Pakistani President Asif Ali Zardari

Pakistani President Asif Ali Zardari

ISLAMABAD (Reuters) -- Pakistan's government averted a potentially destabilizing dispute with the judiciary today, withdrawing orders from the president appointing two judges that the Supreme Court had opposed.

Prime Minister Yusuf Raza Gilani said the decision to withdraw the order, which Zardari issued on February 13 and the Supreme Court blocked hours later, had dispelled political tension.

Pakistan has a history of disputes between the executive and the judiciary sparking political turmoil.

Gilani, speaking to reporters after meeting Chief Justice Iftikhar Chaudhry, said the withdrawal of the orders and their replacement with new ones would boost stability.

"This is in the best interests of Pakistan...and all the political forces in the country and that would strengthen and stabilize the system," Gilani said.

"It is completely over," Gilani said when asked about the political tension.

The row looked set to become a distraction for the government of the nuclear-armed U.S. ally which is already struggling to fight Islamist militants and to get a sluggish economy on track.

The Supreme Court said on the weekend that Zardari's orders were apparently a violation of the constitution, as the president had not consulted the Supreme Court chief on the appointments.

Black-suited lawyers took to the streets in major cities across the country on February 15, protesting against the unpopular Zardari, husband of asassinated former Prime Minister Benazir Bhutto.

Pakistani stocks fell early this week as investors worried about instability.

The United States, struggling to stabilize neighboring Afghanistan, would have been dismayed to see the controversy distracting the government from battling militants on its Afghan border.

Opposition leader Nawaz Sharif, who has been largely supportive of the government, denounced the president on February 14 as "the biggest threat to democracy."

Zardari can ill afford to antagonize the judiciary.

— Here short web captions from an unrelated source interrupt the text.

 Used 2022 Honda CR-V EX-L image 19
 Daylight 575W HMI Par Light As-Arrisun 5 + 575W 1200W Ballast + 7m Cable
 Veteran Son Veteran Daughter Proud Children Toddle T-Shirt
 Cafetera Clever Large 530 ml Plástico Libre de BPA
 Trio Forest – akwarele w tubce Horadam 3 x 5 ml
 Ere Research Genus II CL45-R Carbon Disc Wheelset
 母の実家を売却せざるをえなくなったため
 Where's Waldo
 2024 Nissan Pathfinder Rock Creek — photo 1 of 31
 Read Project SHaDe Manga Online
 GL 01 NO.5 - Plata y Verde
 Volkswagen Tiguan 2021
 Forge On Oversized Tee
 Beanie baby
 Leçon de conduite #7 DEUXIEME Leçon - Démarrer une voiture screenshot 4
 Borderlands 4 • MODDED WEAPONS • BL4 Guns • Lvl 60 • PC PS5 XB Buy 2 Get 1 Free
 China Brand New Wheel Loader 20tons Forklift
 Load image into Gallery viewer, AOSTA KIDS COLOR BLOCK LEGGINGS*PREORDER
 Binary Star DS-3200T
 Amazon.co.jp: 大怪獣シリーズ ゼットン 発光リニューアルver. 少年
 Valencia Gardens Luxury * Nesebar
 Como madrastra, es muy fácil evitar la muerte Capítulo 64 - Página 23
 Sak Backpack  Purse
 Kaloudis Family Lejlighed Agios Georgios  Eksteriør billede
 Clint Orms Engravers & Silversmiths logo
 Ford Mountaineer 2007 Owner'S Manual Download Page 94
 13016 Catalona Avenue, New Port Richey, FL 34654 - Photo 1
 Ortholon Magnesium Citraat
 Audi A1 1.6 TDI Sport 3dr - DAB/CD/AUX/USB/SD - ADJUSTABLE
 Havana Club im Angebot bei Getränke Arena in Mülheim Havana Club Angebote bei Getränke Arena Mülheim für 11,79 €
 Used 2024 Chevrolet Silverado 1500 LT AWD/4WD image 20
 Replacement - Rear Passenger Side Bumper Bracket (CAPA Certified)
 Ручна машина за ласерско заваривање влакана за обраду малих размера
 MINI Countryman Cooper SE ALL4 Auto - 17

The row came two months after the Supreme Court threw out an amnesty that had protected Zardari, several top aides and thousands of political activists and civil servants, mostly from corruption charges.

Though he is protected by his presidential immunity, he is vulnerable to legal challenges to his 2008 election as president on the grounds that old corruption charges against him made him ineligible.